There are two components to teaching engagement. First, you need to develop great rewards. If you don’t have a reward that your dog is really excited about, he’ll probably not get excited about training either. But remember: A reward is not a thing, a reward is an event that creates feelings of joy and excitement for your dog. If your dog is not excited about food or play in itself, you need to figure out what brings your dog joy and associate rewards with those feelings.

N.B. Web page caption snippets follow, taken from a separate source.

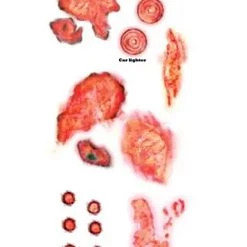 Tinsley Transfers Trauma Burned Temporary Costume Tattoo -Cheap Halloween Store trauma burned temporary tattoo alt 2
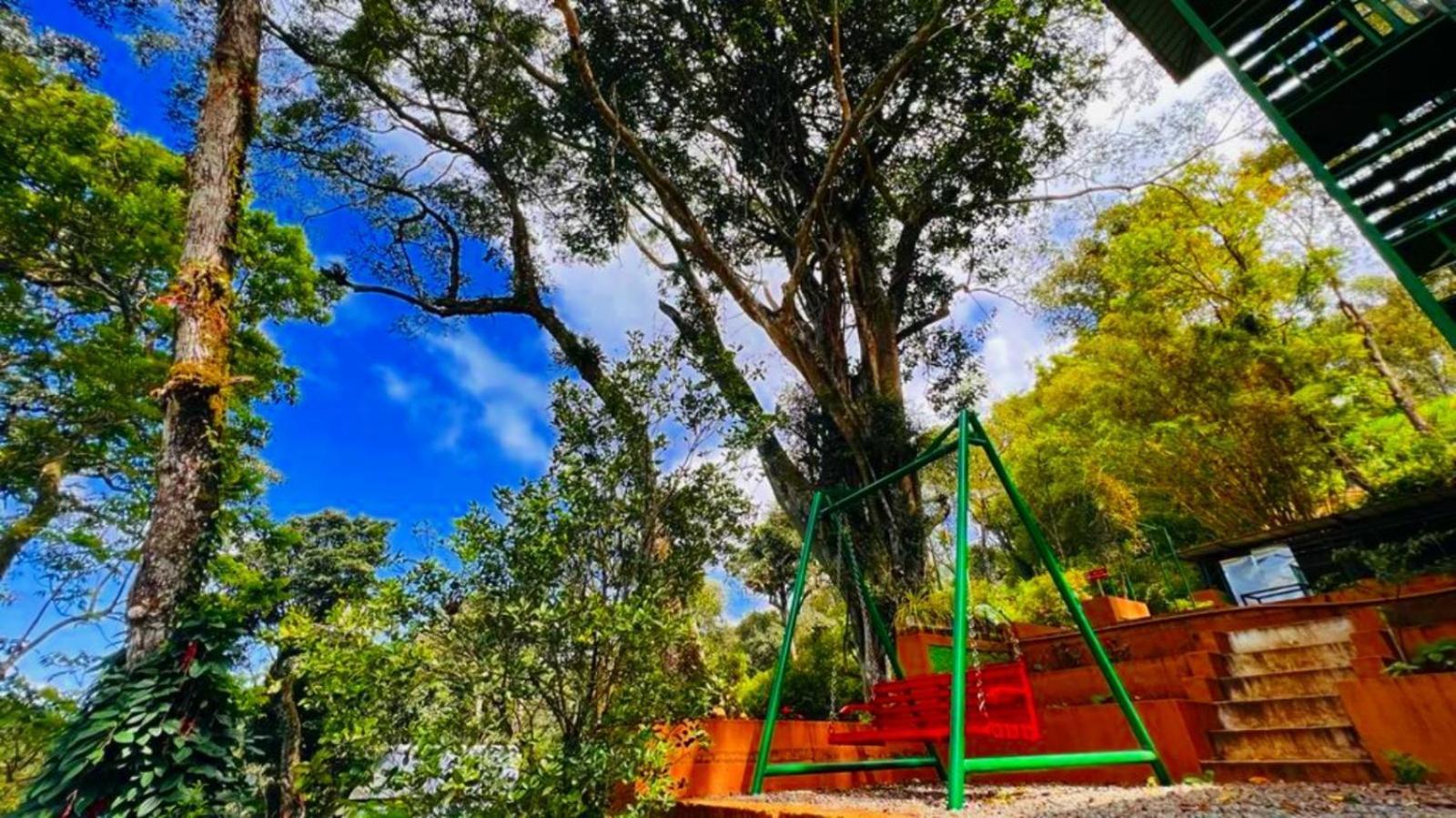 Bamboo Dale Resort,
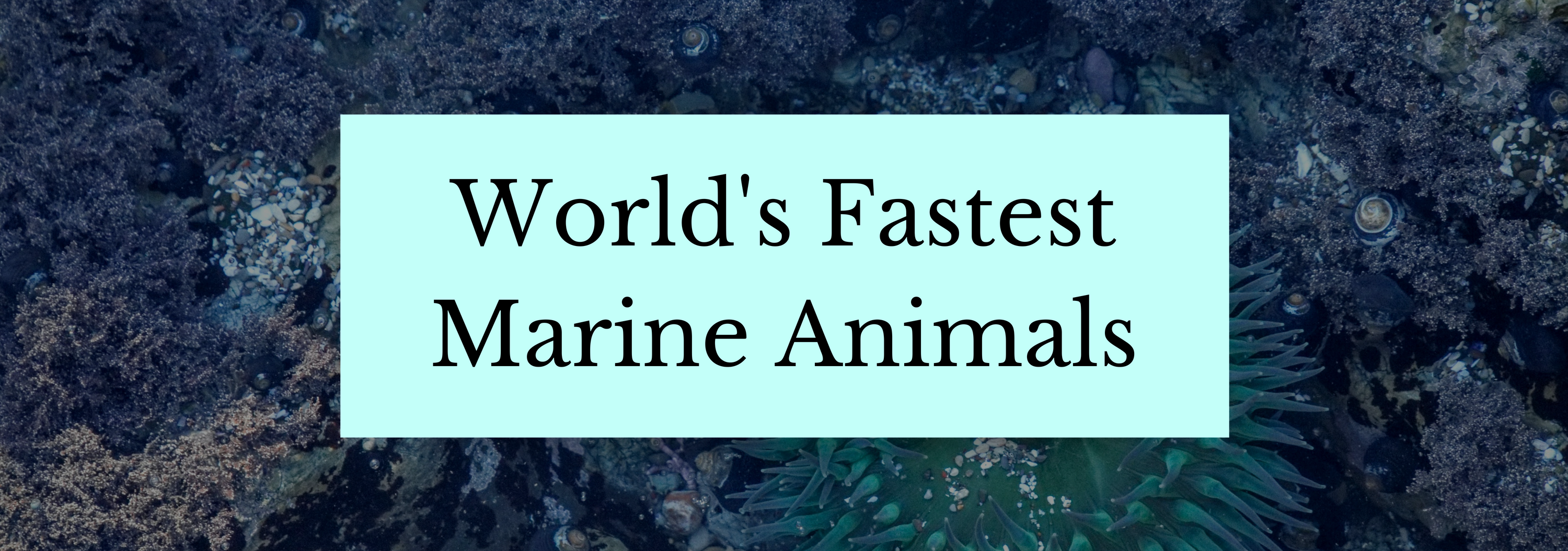World's Fastest Marine Animals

Second, your dog needs to learn that he is responsible for making rewards happen. He needs to do in order to get. There are a lot of dogs that aren’t engaged even though they actually really enjoy the rewards. We can easily create a disengaged dog by poor timing and bad training choices. So many dogs have learned that the best way to get engagement out of their humans is to disengage, run away or show signs of frustration. Timing is everything! There is truth in the saying that you need to be “more fun” in order to get your dog to engage, but it is crucial that the trainer brings the fun when the dog is bringing engagement, not the other way around.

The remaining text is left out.